El terror vuelve a apoderarse de los más vulnerables en Nigeria. El pasado viernes volvía a reproducirse uno de los temidos secuestros masivos de niños, esta vez en la ciudad de Jangebe ubicada en el estado de Zamfara. 317 estudiantes del colegio científico-nacional de secundaria para niñas eran atacadas y secuestradas por lo que el propio gobierno determina como ‘bandidos’. Este ataque es el segundo en dos semanas tras el producido en Kagara en el cual 42 profesores y estudiantes fueron raptados. Días después han sido liberados por el gobierno, al igual que los 300 niños del colegio de Kankara retenidos en diciembre.

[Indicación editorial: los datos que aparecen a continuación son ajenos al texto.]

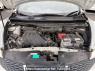 Used 2014 AT nissan juke YF15 Image[9]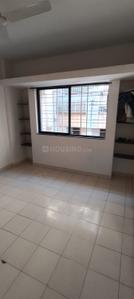 Hall Image of 1000 Sq.ft 2 BHK Apartment / Flat for rent in Bhosale Paradise, Ashok Nagar Pune for Rs. 40000
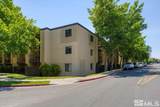 2450 Lymbery - Photo 22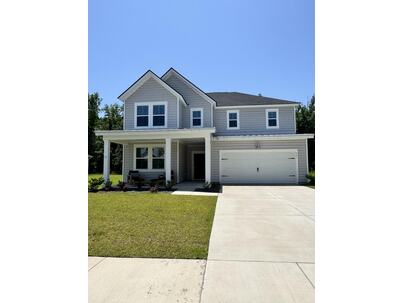 Photo 1 of 25 : 245 Tuscan Sun Street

Este nuevo ataque se suma a la lista de recientes secuestros que azotan el país. Desde 2014 más de 1.000 estudiantes han sido raptados por terroristas y bandidos en diferentes colegios a lo largo del país en cinco ataques, 600 de ellos solo desde diciembre de 2020. Hasta el momento, distintas voces institucionales han expresado su dolor y exigen respuesta a nivel internacional. Antonio Guterres, secretario general de las Naciones Unidas, condenaba el secuestro y exigía la liberación inmediata de las 317 niñas que todavía siguen raptadas.

Los ‘bandidos’ que emergen detrás de esta tendencia permanecen en el punto de mira. Secuestrar a estudiantes nacionales en lugar de extranjeros y turistas ya se ha convertido en un negocio. La recompensación económica de millones de dólares en pagos de rescate supone una acción lucrativa para las bandas criminales, incentivando así sus actuaciones y propagando aun más el terror entre su población.